> **To do**
Every line below must be given again exactly.

[Source records]

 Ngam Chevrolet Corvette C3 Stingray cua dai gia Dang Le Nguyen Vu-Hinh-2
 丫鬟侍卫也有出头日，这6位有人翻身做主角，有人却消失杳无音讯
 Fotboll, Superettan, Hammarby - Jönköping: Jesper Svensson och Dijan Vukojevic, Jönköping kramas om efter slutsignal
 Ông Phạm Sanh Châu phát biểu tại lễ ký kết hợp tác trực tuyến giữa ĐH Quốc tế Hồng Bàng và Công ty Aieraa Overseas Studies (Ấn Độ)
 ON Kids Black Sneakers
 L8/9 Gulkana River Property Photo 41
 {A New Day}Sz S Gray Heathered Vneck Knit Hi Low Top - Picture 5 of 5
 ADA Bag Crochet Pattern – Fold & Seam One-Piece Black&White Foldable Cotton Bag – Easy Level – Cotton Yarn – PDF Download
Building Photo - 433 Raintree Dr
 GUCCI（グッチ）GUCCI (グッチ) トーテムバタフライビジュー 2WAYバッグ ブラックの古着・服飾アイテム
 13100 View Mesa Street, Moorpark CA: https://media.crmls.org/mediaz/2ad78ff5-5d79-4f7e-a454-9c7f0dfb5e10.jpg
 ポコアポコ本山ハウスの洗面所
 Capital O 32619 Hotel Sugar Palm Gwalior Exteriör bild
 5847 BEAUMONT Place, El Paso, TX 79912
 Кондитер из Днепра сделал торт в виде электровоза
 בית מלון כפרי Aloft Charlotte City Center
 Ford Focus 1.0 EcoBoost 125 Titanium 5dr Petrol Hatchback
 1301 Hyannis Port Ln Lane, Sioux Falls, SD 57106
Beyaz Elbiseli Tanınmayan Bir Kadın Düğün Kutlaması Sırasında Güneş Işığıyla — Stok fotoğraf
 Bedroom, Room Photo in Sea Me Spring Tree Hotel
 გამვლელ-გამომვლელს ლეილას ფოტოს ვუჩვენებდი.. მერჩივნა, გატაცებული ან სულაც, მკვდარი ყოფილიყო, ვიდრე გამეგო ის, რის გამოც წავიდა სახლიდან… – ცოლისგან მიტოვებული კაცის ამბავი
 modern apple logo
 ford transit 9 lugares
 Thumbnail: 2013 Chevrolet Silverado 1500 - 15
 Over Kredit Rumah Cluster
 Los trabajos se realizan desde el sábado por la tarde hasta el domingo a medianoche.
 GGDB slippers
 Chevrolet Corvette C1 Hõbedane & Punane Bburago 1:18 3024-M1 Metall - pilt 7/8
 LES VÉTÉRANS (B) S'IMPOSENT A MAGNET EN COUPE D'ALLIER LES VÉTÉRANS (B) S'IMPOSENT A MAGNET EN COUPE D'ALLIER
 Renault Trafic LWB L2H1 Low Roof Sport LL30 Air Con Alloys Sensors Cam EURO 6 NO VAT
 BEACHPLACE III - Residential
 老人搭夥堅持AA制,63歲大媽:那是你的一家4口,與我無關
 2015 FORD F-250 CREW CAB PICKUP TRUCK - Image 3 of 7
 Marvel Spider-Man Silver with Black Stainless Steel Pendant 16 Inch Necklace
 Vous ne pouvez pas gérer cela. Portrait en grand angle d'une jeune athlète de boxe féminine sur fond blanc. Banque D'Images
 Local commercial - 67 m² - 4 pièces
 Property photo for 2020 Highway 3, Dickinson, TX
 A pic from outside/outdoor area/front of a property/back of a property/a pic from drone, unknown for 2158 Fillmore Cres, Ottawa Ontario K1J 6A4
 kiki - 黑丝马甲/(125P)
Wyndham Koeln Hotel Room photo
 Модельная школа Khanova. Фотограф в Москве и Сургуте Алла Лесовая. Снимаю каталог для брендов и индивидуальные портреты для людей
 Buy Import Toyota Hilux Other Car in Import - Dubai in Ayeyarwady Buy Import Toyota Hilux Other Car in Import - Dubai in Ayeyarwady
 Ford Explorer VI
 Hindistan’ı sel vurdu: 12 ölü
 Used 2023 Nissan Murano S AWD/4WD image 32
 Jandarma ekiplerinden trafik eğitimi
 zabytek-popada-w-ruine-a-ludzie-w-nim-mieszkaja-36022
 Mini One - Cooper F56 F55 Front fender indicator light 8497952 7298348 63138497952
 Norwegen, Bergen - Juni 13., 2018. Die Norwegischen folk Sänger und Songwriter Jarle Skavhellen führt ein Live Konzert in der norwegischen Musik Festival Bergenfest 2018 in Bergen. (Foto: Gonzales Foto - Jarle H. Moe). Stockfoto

> **The answer**
 Ngam Chevrolet Corvette C3 Stingray cua dai gia Dang Le Nguyen Vu-Hinh-2
 丫鬟侍卫也有出头日，这6位有人翻身做主角，有人却消失杳无音讯
 Fotboll, Superettan, Hammarby - Jönköping: Jesper Svensson och Dijan Vukojevic, Jönköping kramas om efter slutsignal
 Ông Phạm Sanh Châu phát biểu tại lễ ký kết hợp tác trực tuyến giữa ĐH Quốc tế Hồng Bàng và Công ty Aieraa Overseas Studies (Ấn Độ)
 ON Kids Black Sneakers
 L8/9 Gulkana River Property Photo 41
 {A New Day}Sz S Gray Heathered Vneck Knit Hi Low Top - Picture 5 of 5
 ADA Bag Crochet Pattern – Fold & Seam One-Piece Black&White Foldable Cotton Bag – Easy Level – Cotton Yarn – PDF Download
Building Photo - 433 Raintree Dr
 GUCCI（グッチ）GUCCI (グッチ) トーテムバタフライビジュー 2WAYバッグ ブラックの古着・服飾アイテム
 13100 View Mesa Street, Moorpark CA: https://media.crmls.org/mediaz/2ad78ff5-5d79-4f7e-a454-9c7f0dfb5e10.jpg
 ポコアポコ本山ハウスの洗面所
 Capital O 32619 Hotel Sugar Palm Gwalior Exteriör bild
 5847 BEAUMONT Place, El Paso, TX 79912
 Кондитер из Днепра сделал торт в виде электровоза
 בית מלון כפרי Aloft Charlotte City Center
 Ford Focus 1.0 EcoBoost 125 Titanium 5dr Petrol Hatchback
 1301 Hyannis Port Ln Lane, Sioux Falls, SD 57106
Beyaz Elbiseli Tanınmayan Bir Kadın Düğün Kutlaması Sırasında Güneş Işığıyla — Stok fotoğraf
 Bedroom, Room Photo in Sea Me Spring Tree Hotel
 გამვლელ-გამომვლელს ლეილას ფოტოს ვუჩვენებდი.. მერჩივნა, გატაცებული ან სულაც, მკვდარი ყოფილიყო, ვიდრე გამეგო ის, რის გამოც წავიდა სახლიდან… – ცოლისგან მიტოვებული კაცის ამბავი
 modern apple logo
 ford transit 9 lugares
 Thumbnail: 2013 Chevrolet Silverado 1500 - 15
 Over Kredit Rumah Cluster
 Los trabajos se realizan desde el sábado por la tarde hasta el domingo a medianoche.
 GGDB slippers
 Chevrolet Corvette C1 Hõbedane & Punane Bburago 1:18 3024-M1 Metall - pilt 7/8
 LES VÉTÉRANS (B) S'IMPOSENT A MAGNET EN COUPE D'ALLIER LES VÉTÉRANS (B) S'IMPOSENT A MAGNET EN COUPE D'ALLIER
 Renault Trafic LWB L2H1 Low Roof Sport LL30 Air Con Alloys Sensors Cam EURO 6 NO VAT
 BEACHPLACE III - Residential
 老人搭夥堅持AA制,63歲大媽:那是你的一家4口,與我無關
 2015 FORD F-250 CREW CAB PICKUP TRUCK - Image 3 of 7
 Marvel Spider-Man Silver with Black Stainless Steel Pendant 16 Inch Necklace
 Vous ne pouvez pas gérer cela. Portrait en grand angle d'une jeune athlète de boxe féminine sur fond blanc. Banque D'Images
 Local commercial - 67 m² - 4 pièces
 Property photo for 2020 Highway 3, Dickinson, TX
 A pic from outside/outdoor area/front of a property/back of a property/a pic from drone, unknown for 2158 Fillmore Cres, Ottawa Ontario K1J 6A4
 kiki - 黑丝马甲/(125P)
Wyndham Koeln Hotel Room photo
 Модельная школа Khanova. Фотограф в Москве и Сургуте Алла Лесовая. Снимаю каталог для брендов и индивидуальные портреты для людей
 Buy Import Toyota Hilux Other Car in Import - Dubai in Ayeyarwady Buy Import Toyota Hilux Other Car in Import - Dubai in Ayeyarwady
 Ford Explorer VI
 Hindistan’ı sel vurdu: 12 ölü
 Used 2023 Nissan Murano S AWD/4WD image 32
 Jandarma ekiplerinden trafik eğitimi
 zabytek-popada-w-ruine-a-ludzie-w-nim-mieszkaja-36022
 Mini One - Cooper F56 F55 Front fender indicator light 8497952 7298348 63138497952
 Norwegen, Bergen - Juni 13., 2018. Die Norwegischen folk Sänger und Songwriter Jarle Skavhellen führt ein Live Konzert in der norwegischen Musik Festival Bergenfest 2018 in Bergen. (Foto: Gonzales Foto - Jarle H. Moe). Stockfoto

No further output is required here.